"Uber Files": que pèse Uber en France?

Grâce à 124.000 documents internes à Uber, datés de 2013 à 2017, The Guardian et de nombreux médias internationaux, dont Le Monde et Radio France, ont pu reconstituer les méthodes qui ont conduit le géant du VTC à s'imposer dans le monde.
Ces documents mettent en avant certaines méthodes employées pendant ces années d'expansion rapide, mais aussi de confrontation pour Uber, notamment à Paris face aux taxis. Justement, quel est le poids et l'histoire de Uber en France?
60 voitures en 2011
C'est en décembre 2011 que le géant américain annonce son lancement à Paris qui devient la première ville hors des États-Unis à accueillir le service. Un mois plus tard, Uber France est officiellement créé.
Très vite, une soixantaine de voitures de tourisme avec chauffeurs (VTC) haut de gamme sont enregistrées sur l'application Uber et circulent dans la capitale.
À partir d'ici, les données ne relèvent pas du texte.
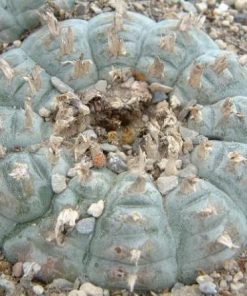 Alternative view of Lophophora Williamsii variety Menchaca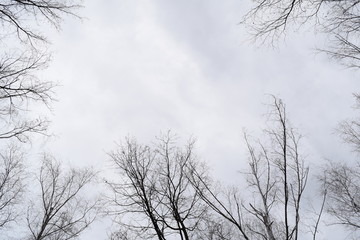 View from below through the branches of the cloudy sky bright.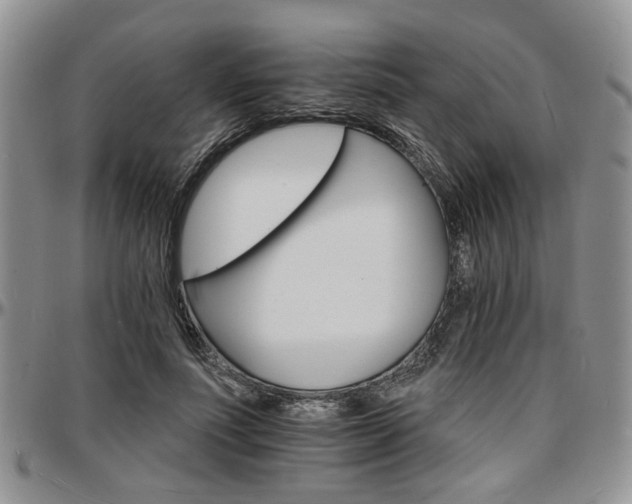 X0000097670691200802291501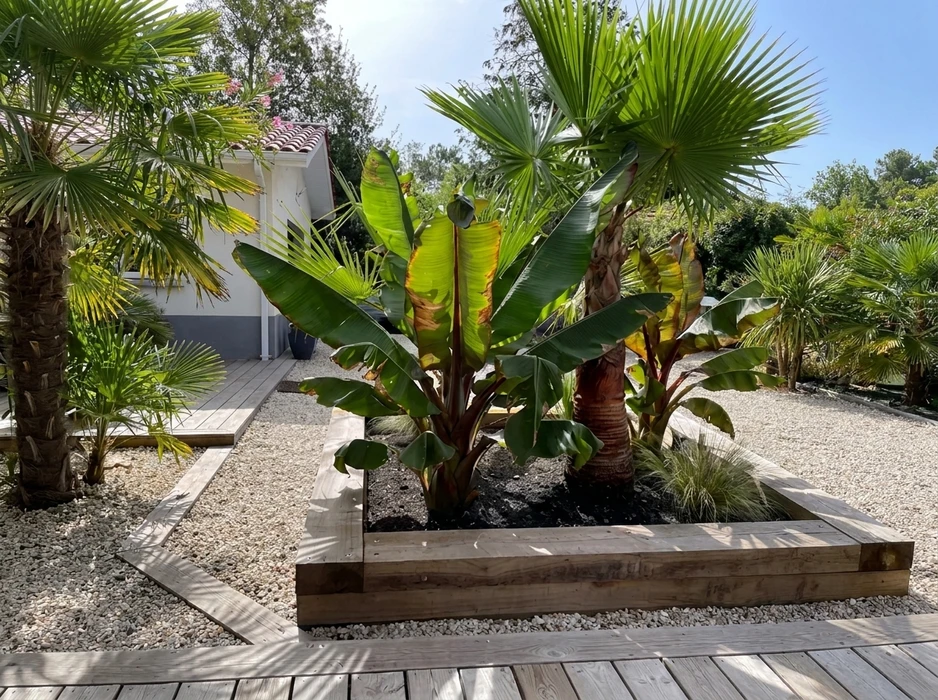 Jardin résidentiel avec pelouse verte entretenue, massifs de fleurs colorées incluant bougainvilliers roses, plantations en bacs et bordures paysagères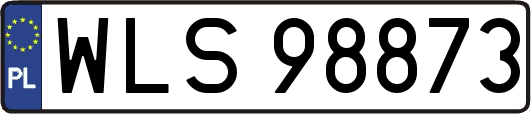 WLS98873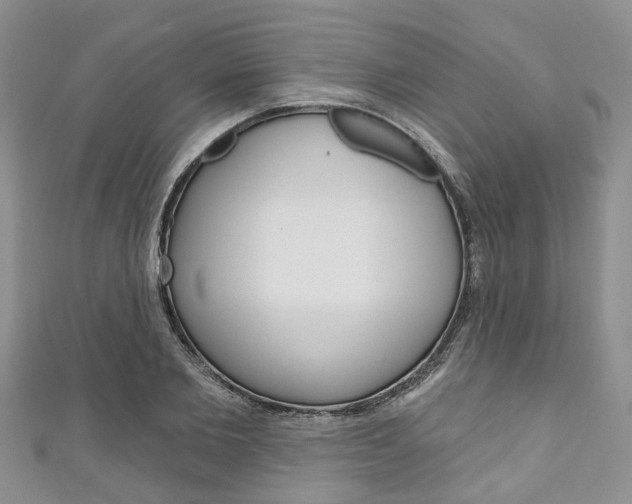X0000111200885200907011027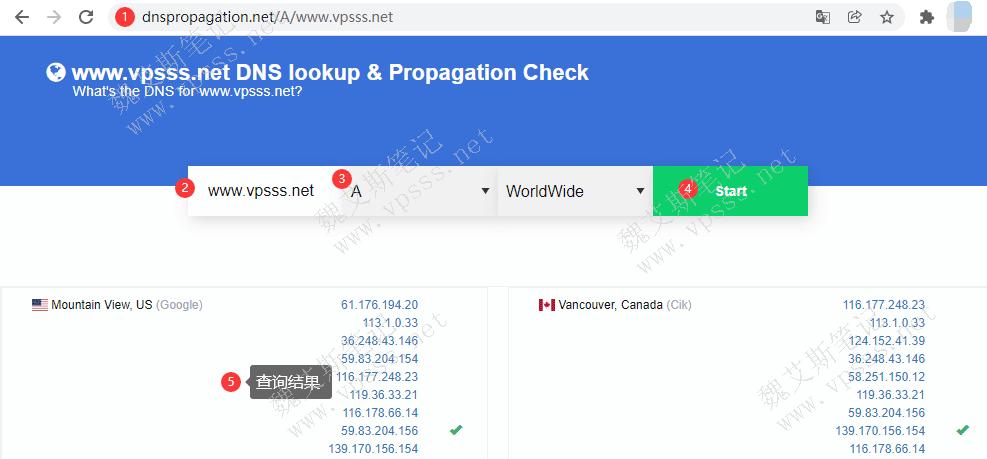 一、IP DNS查询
Ces premiers VTC viennent alors se frotter aux 19.000 taxis parisiens qui vont multiplier les actions pour contrer cette arrivée.
Progressivement, Uber France étend sa toile sur le territoire: après Lyon en mars 2013 et Lille en juin 2014, l'entreprise lance en septembre 2014 son service à Bordeaux, Toulouse et Nice.
En juin 2013, Uber passe à la vitesse supérieure à Paris avec le lancement d'UberX, une version économique d'Uber avec des véhicules traditionnels et des tarifs moins élevés que la version "limousine". C'est ce service qui va assurer le succès d'Uber en France.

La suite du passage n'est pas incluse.